I also used these Customer Journey Maps to reconfigure the menu structure.
The menu is structured, so the further down into the menu, the more dedicated the target user becomes, from tech enthusiasts, developer to the enterprises.
The design concepts were coming together. I needed to test the new design before updating the site accessed by developers from 50+ countries daily
I had a mission to create a lean version of the site for the Chinese server. I decided to implement the new design on the China site first, test it, then update the global consumer site.
The conversion rate for the store arrival and SDK download was higher than the original site. I cannot directly compare the results as targeted users were different, but this was positive information for implementing this design onto the global site.
I used mixpanel to carry out further iterations of design. Refining the link positions and wordings.
After several design iterations, I implemented the design to the global site.
I also worked on creating a portal site for the new product. Project North Star is an opensource xR headset. It is made of 3D printable parts and commercially available electrical components. The headset is buildable under $100, aiming to democratise the power of xR.
We already released the beta version of the software on GitHub, with documentations and printable 3D data. However, all other information and news are scattered around the internet.
We needed a place to fannel users to access all files, instructions and news for the official product release.
The first request from the marketing team was to build a community site with forums, news and all downloadable contents.

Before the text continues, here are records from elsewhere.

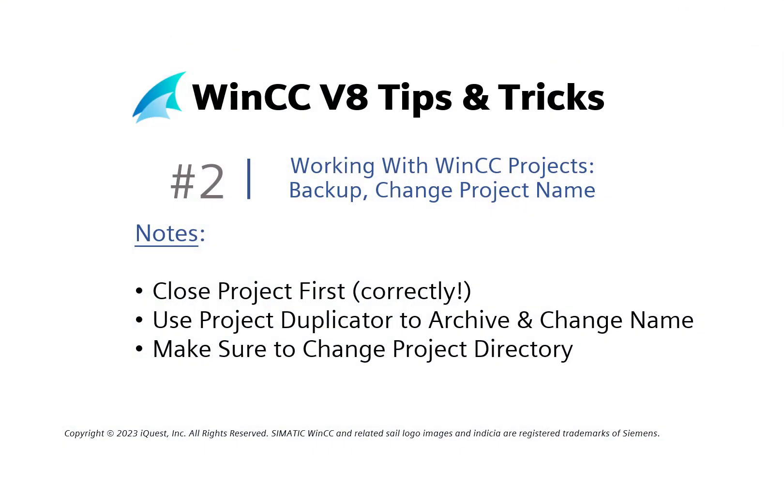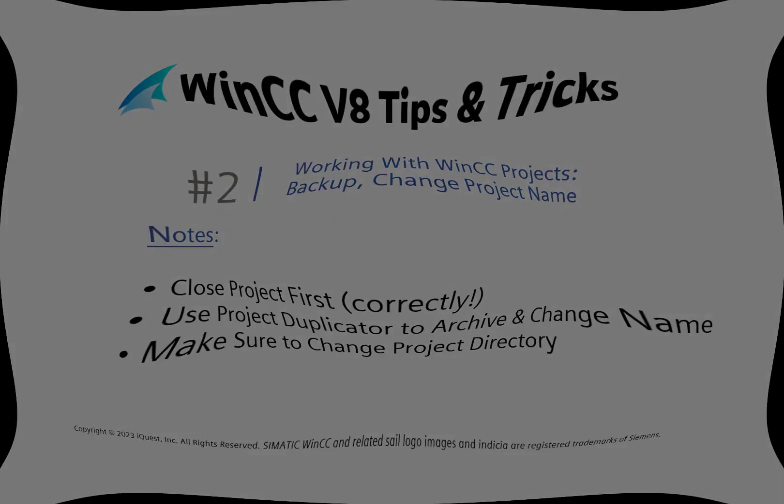OK, a couple of notes. Make sure you close your project first correctly. If you're in runtime, you've got to stop runtime and close the project or you can't archive it. Use the Project Duplicator app to archive and change the name if you want. And make sure you create a new project directory so you're not archiving in your old project. If you like this video, give us a like and a subscribe. Share it with your friends. Thanks for watching.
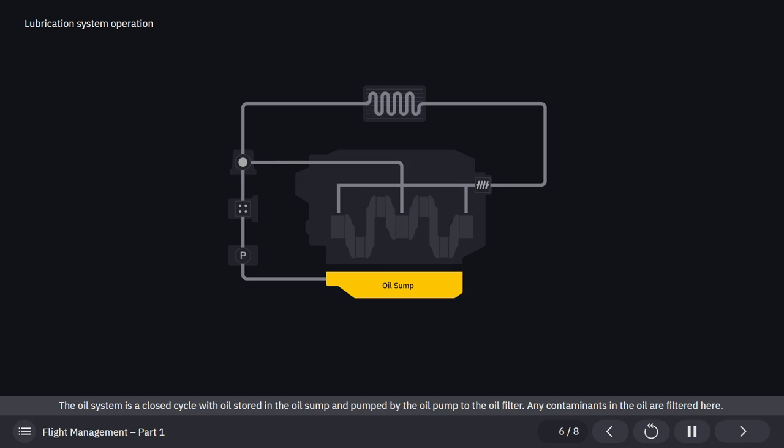The oil system is a closed cycle with oil stored in the oil sump and pumped by the oil pump to the oil filter. Any contaminants in the oil are filtered here.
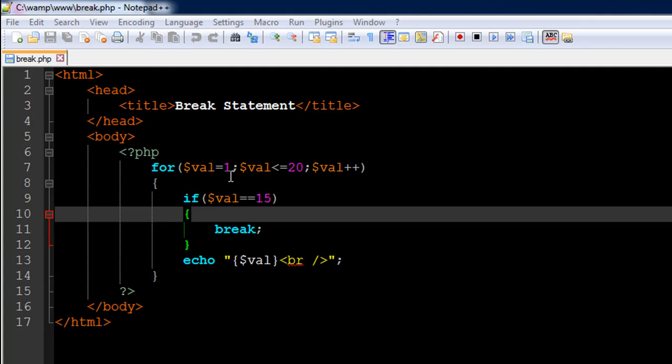So we want to see values from 1 to 20 on different lines, but as soon as we get to the value 15 we're going to break out of the loop, so we're not going to see values from 16 to 20.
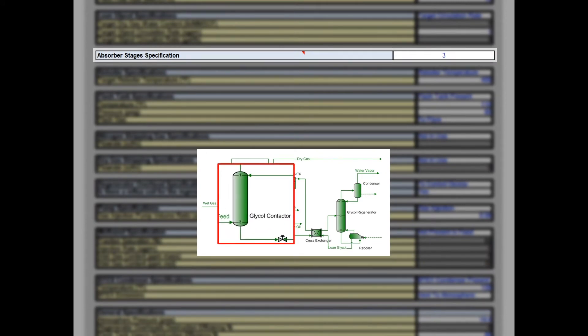The next section allows the user to select the number of stages for the glycol absorber calculation, which predicts how much water and hydrocarbons get absorbed by the glycol. For design cases where absorber internals are not known, leave this at the default value of three stages. If the column is trayed, divide the number of real trays by four to determine ideal stages — for example, 12 trays equals three absorber stages, following the 25% efficiency rule of thumb for glycol absorbers recommended by GPSA. If it is a packed column, use one ideal stage for every five feet of packing — for example, 20 feet of packing equals four ideal stages.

I presented the stakeholders to make a portal site instead, where we link all existing web services together.
This way we can release the site within the limited time frame we had. Also we can avoid updating data in multiple servers, and keep all conversations in one place without making users sign up to another account. This makes maintaining the project much easier too.
I collaborated with the VP of design in London for visual branding. This was the first opensource project in the company, and we wanted to disassociate with our commercial products.
The targeted users were very niche tech enthusiasts. We went for the technical and underground look. We researched other companies in the field and differentiated our branding to be something new and cutting-edge.
The work environment was extremely high-paced. The core business strategies shift every month or sometimes in 2 weeks. There was a high demand for quickly producing deliverables, move onto the next project. I also commonly experienced sudden holds on the releases.
It was a challenging situation to plan, make and iterate the design carefully. Core stakeholders had different views on the goal or the approach. I have learnt to cope with these stresses and keep finding the best solutions for situations in front of you.
I believed in extreme simplicity and utility - minimise the cognitive load, make the next action most accessible, know what your users know and lead them the shortest distance to intended actions. The beauty will follow if all functions are lean and logical.
In a way, I still believe that. However, I also learned that the enthusiasm of users comes from the individuality and novelty of the service.
I realised by working with people who are serious about creating a future no one has ever seen. Logic makes everything smoother, but to move people's emotions and create new things beyond imaginations, we must rely on the imperfection. Rules are powerful, but at the same time, I need to be conscious it is limiting the possibilities.